§ **Requirement**
Please reproduce the entries below exactly as they stand, but leave the pictures out.

[Web page caption snippets]
=== Section Start ===
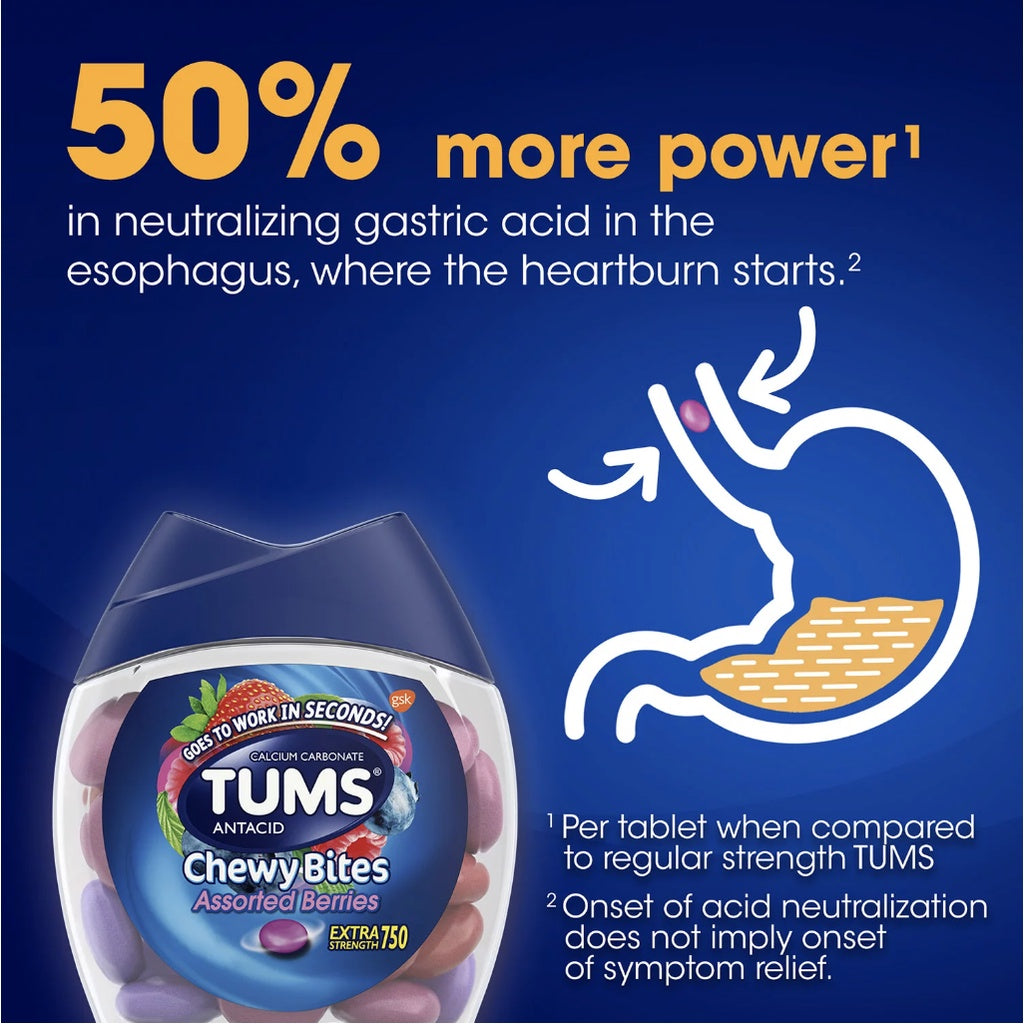 Tums Anatacids Ultra/Extra Strength 750/1000mg Assorted Berry/Fruits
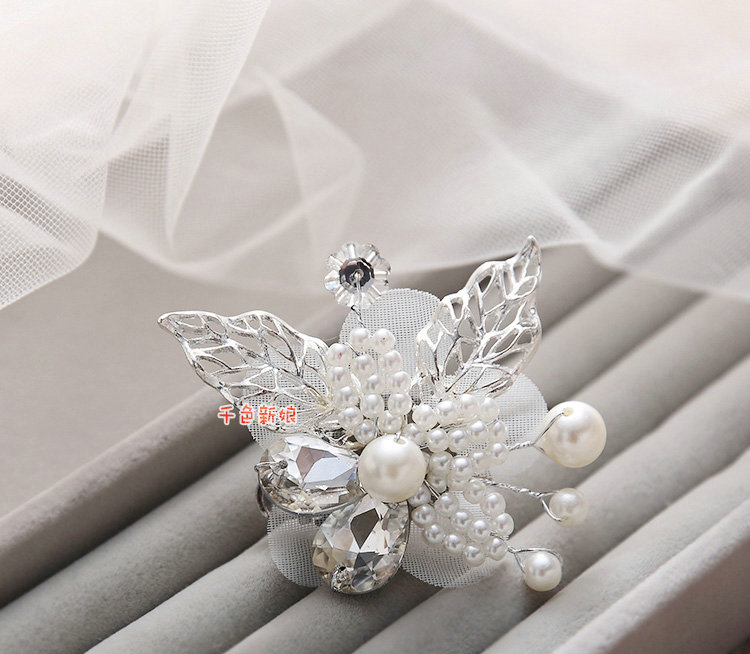 Elegant Wedding Hair Clip Jewelry By hand 3 Piece Pearl Crystal Flower Bridal Hair Pin Accessories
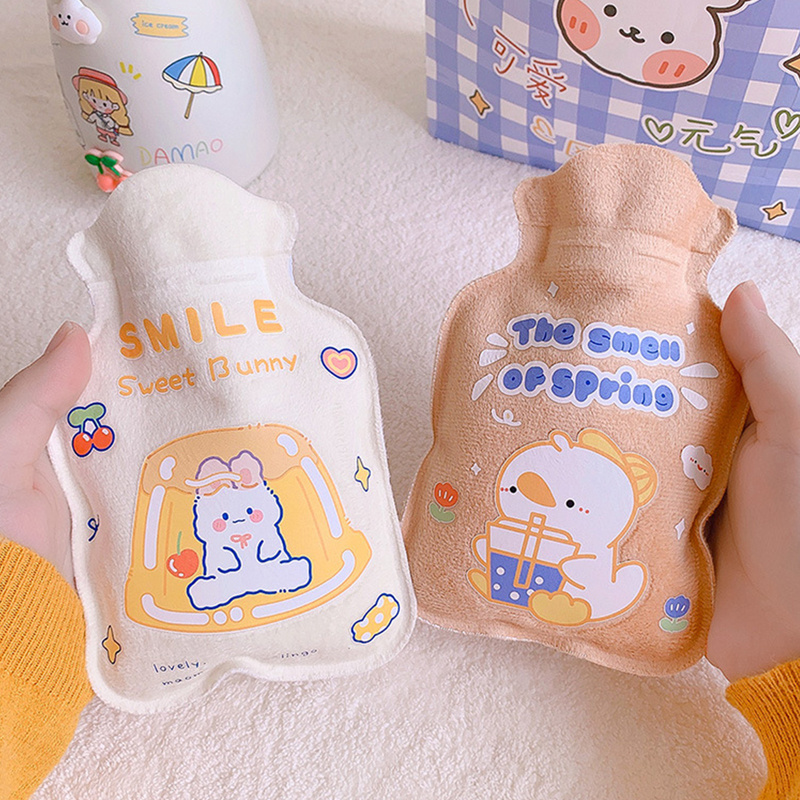 1Pc Lovely Cartoon Hand Po Warm Water Bottle Mini Hot Water Bottles Portable Hand Warmer Girls Pocket Hand Feet Hot Water Bags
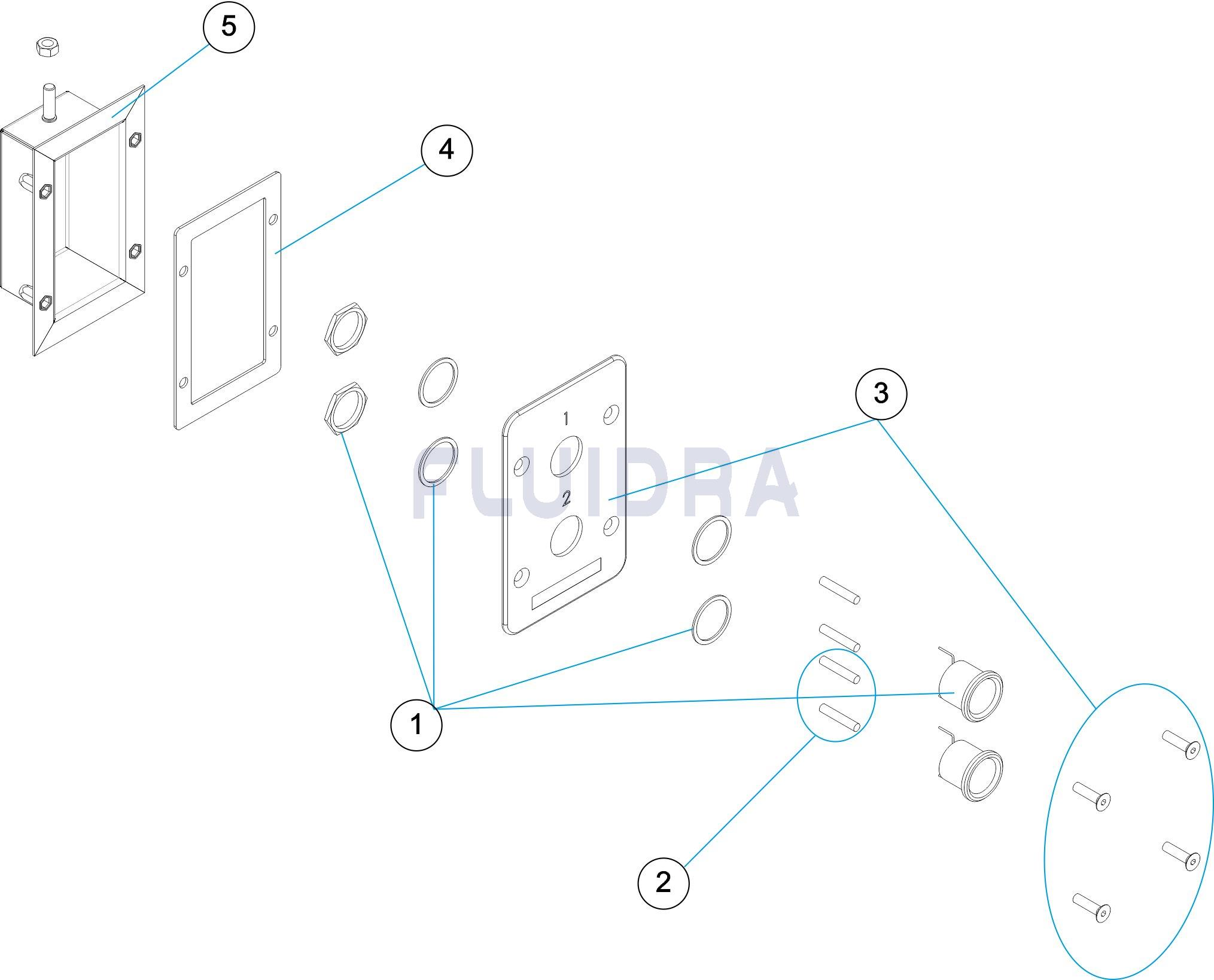 Pulsador ducha doble
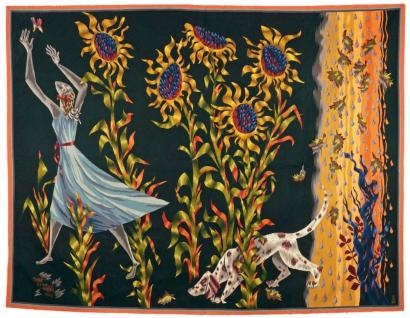 Artwork by Marc Saint-Saëns, LES SOLEILS ET LA PLUIE, Made of tapestry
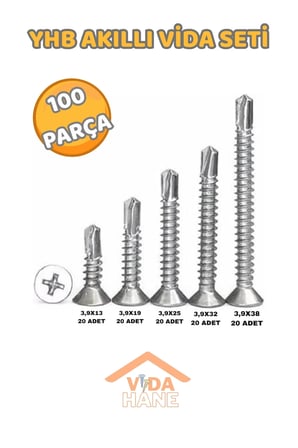 VİDA HANE 100 PARÇA YHB AKILLI VİDA SETİ 3,9X13 - 3,9X19 - 3,9X25 - 3,9X32 - 3,9X38 PH2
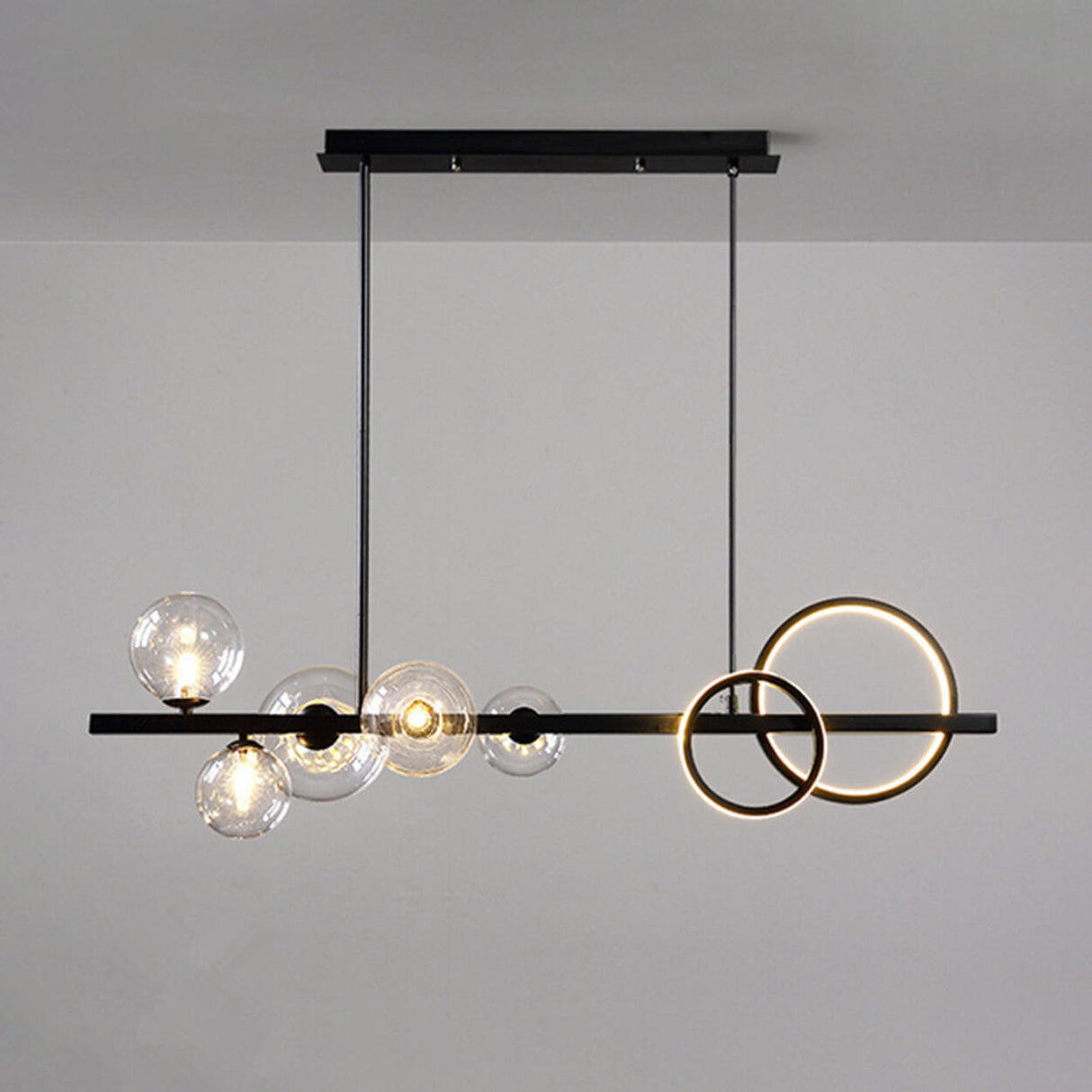 Modern Glass Globes and LED Rings Island Pendant Light Image - 9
=== Section End ===
§ **Response to the task**
 Tums Anatacids Ultra/Extra Strength 750/1000mg Assorted Berry/Fruits
 Elegant Wedding Hair Clip Jewelry By hand 3 Piece Pearl Crystal Flower Bridal Hair Pin Accessories
 1Pc Lovely Cartoon Hand Po Warm Water Bottle Mini Hot Water Bottles Portable Hand Warmer Girls Pocket Hand Feet Hot Water Bags
 Pulsador ducha doble
 Artwork by Marc Saint-Saëns, LES SOLEILS ET LA PLUIE, Made of tapestry
 VİDA HANE 100 PARÇA YHB AKILLI VİDA SETİ 3,9X13 - 3,9X19 - 3,9X25 - 3,9X32 - 3,9X38 PH2
 Modern Glass Globes and LED Rings Island Pendant Light Image - 9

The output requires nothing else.